"""

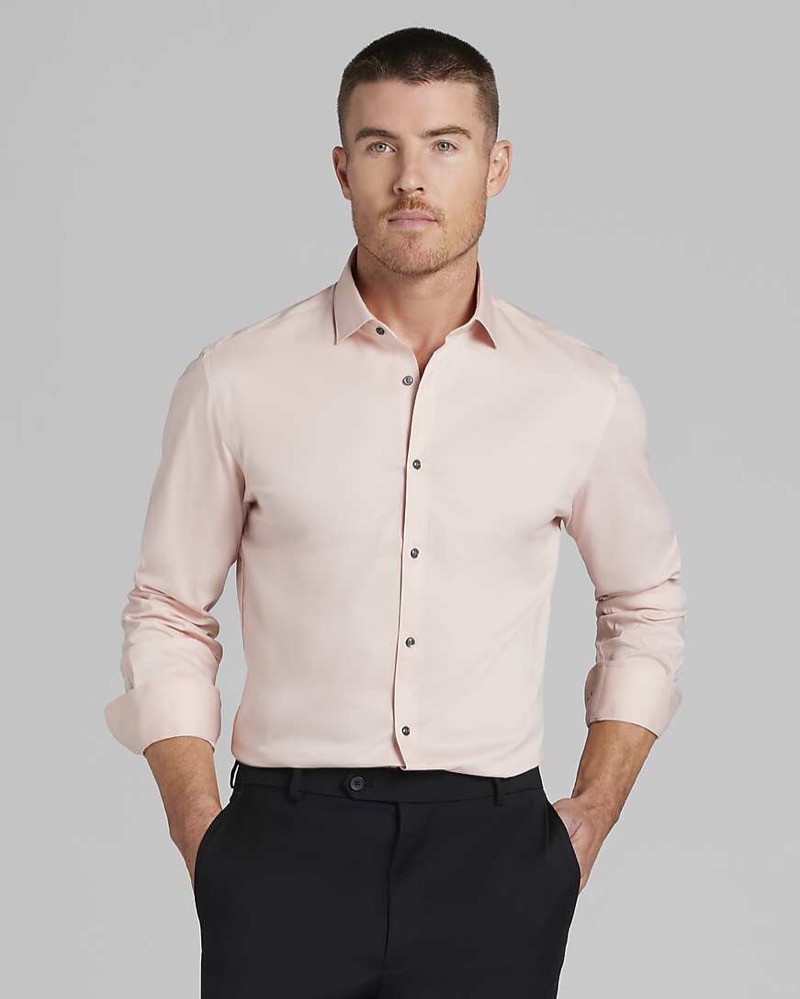Dress shirt with a full tuck from Men's Wearhouse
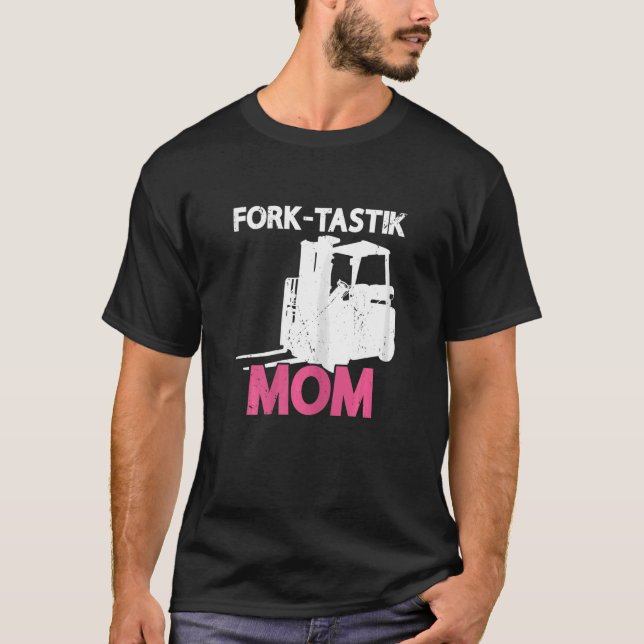 T-shirt Womens Fork Tastik Maman Certifié Warehouse Forkli (Devant)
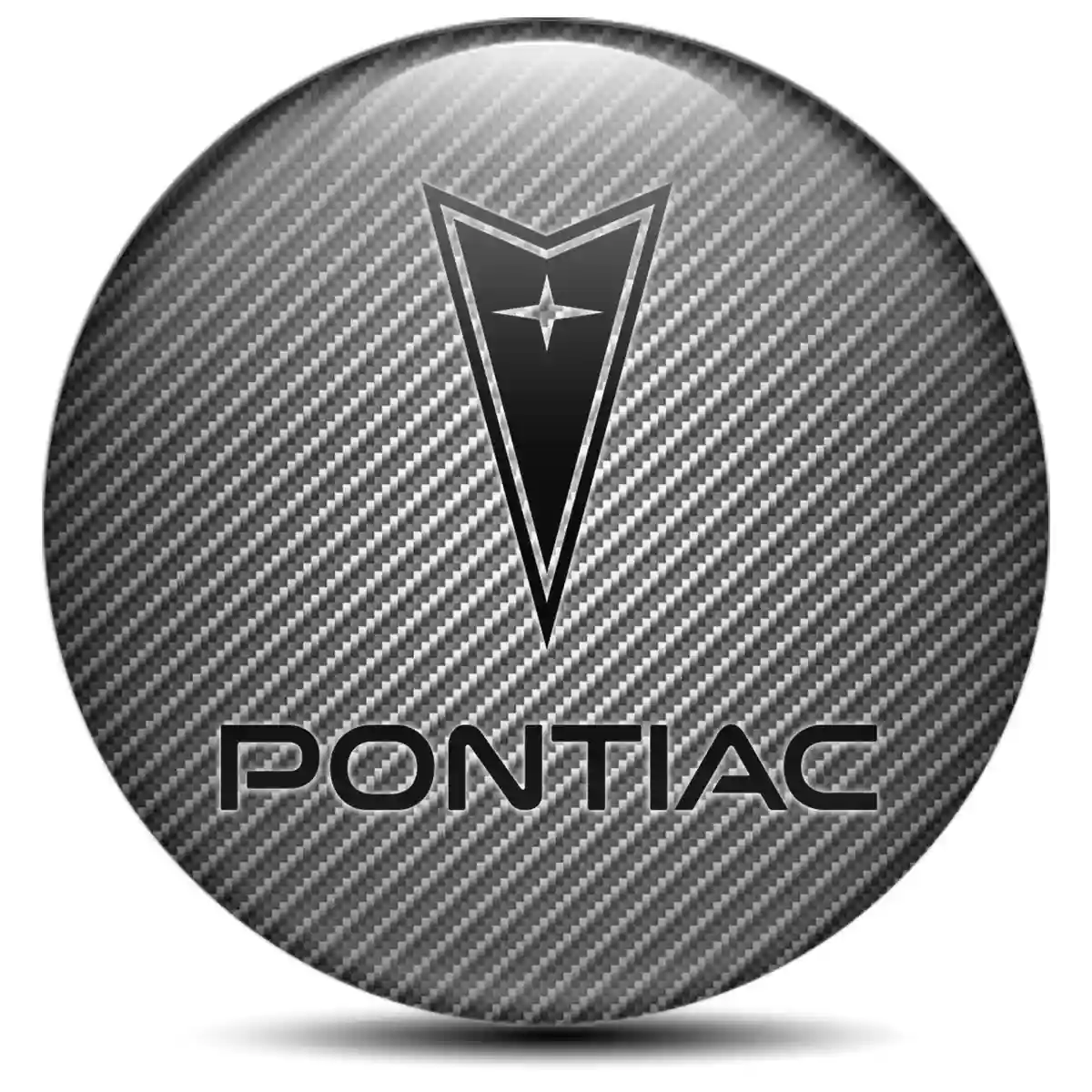 Pontiac Domed Sticker Refined Design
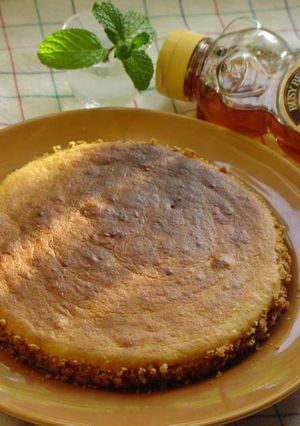 ゆずとはちみつのベイクドチーズケーキ-レシピのメイン写真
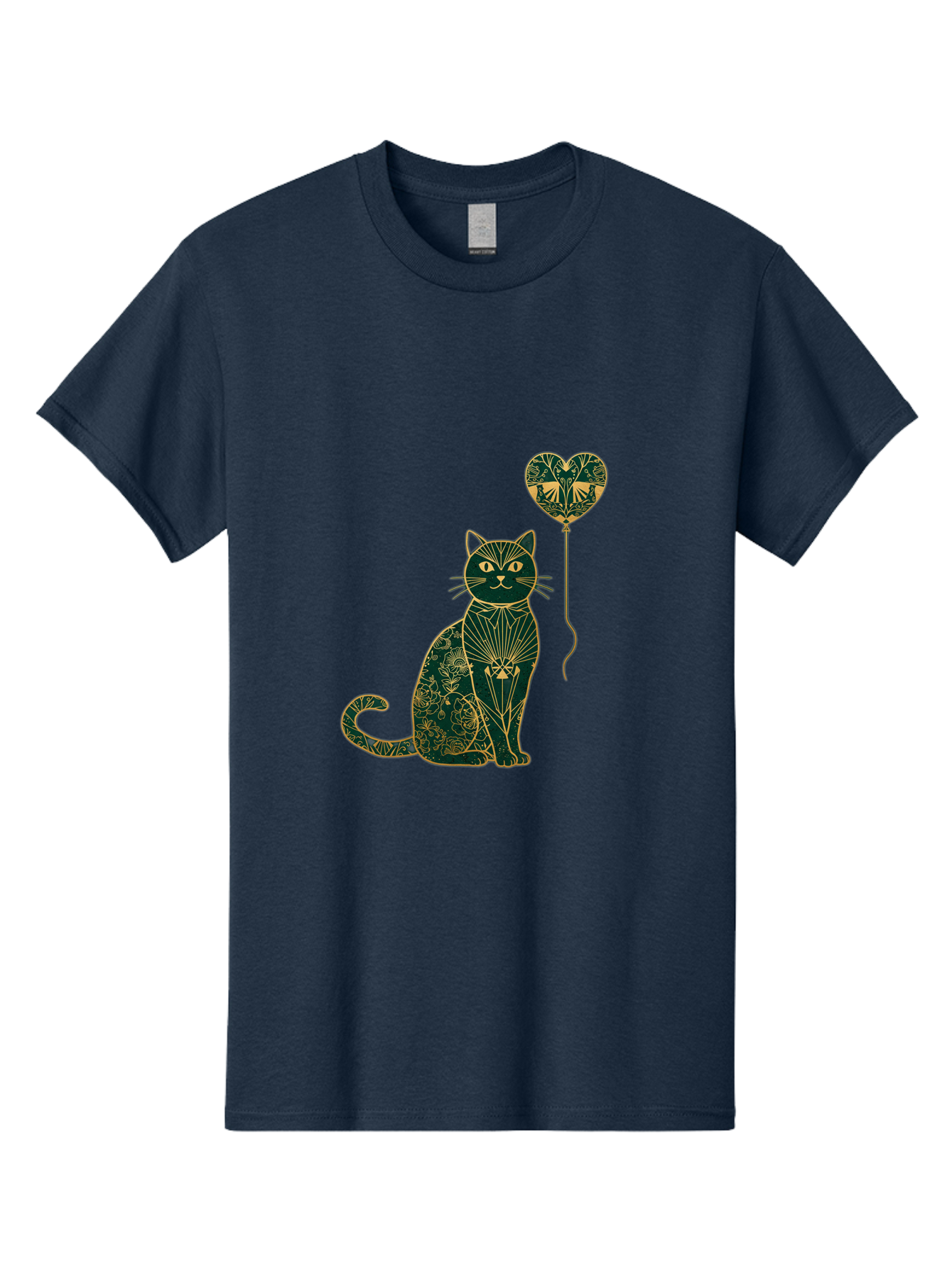 Cat-With-Heart-Shaped-Balloon-1 Men'S Graphic Tee, 100% Cotton, Comfortable Casual Summer Wear, Machine Washable, Vintage Camera, Old Camera, Antique Camera, Black Camera, Classic Photography, Photography Equipment, Nostalgic Device, Bah716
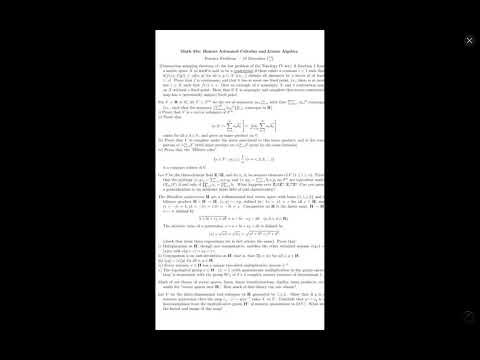 Hardest exam in the world. Math 55a exam paper.#physics #physicsexam.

"""

ABOUT THIS EXERCISE:
From the first line to the last, reproduce the listing above exactly, leaving the pictures out.

EXERCISE OUTPUT:
Dress shirt with a full tuck from Men's Wearhouse
 T-shirt Womens Fork Tastik Maman Certifié Warehouse Forkli (Devant)
 Pontiac Domed Sticker Refined Design
 ゆずとはちみつのベイクドチーズケーキ-レシピのメイン写真
 Cat-With-Heart-Shaped-Balloon-1 Men'S Graphic Tee, 100% Cotton, Comfortable Casual Summer Wear, Machine Washable, Vintage Camera, Old Camera, Antique Camera, Black Camera, Classic Photography, Photography Equipment, Nostalgic Device, Bah716
 Hardest exam in the world. Math 55a exam paper.#physics #physicsexam.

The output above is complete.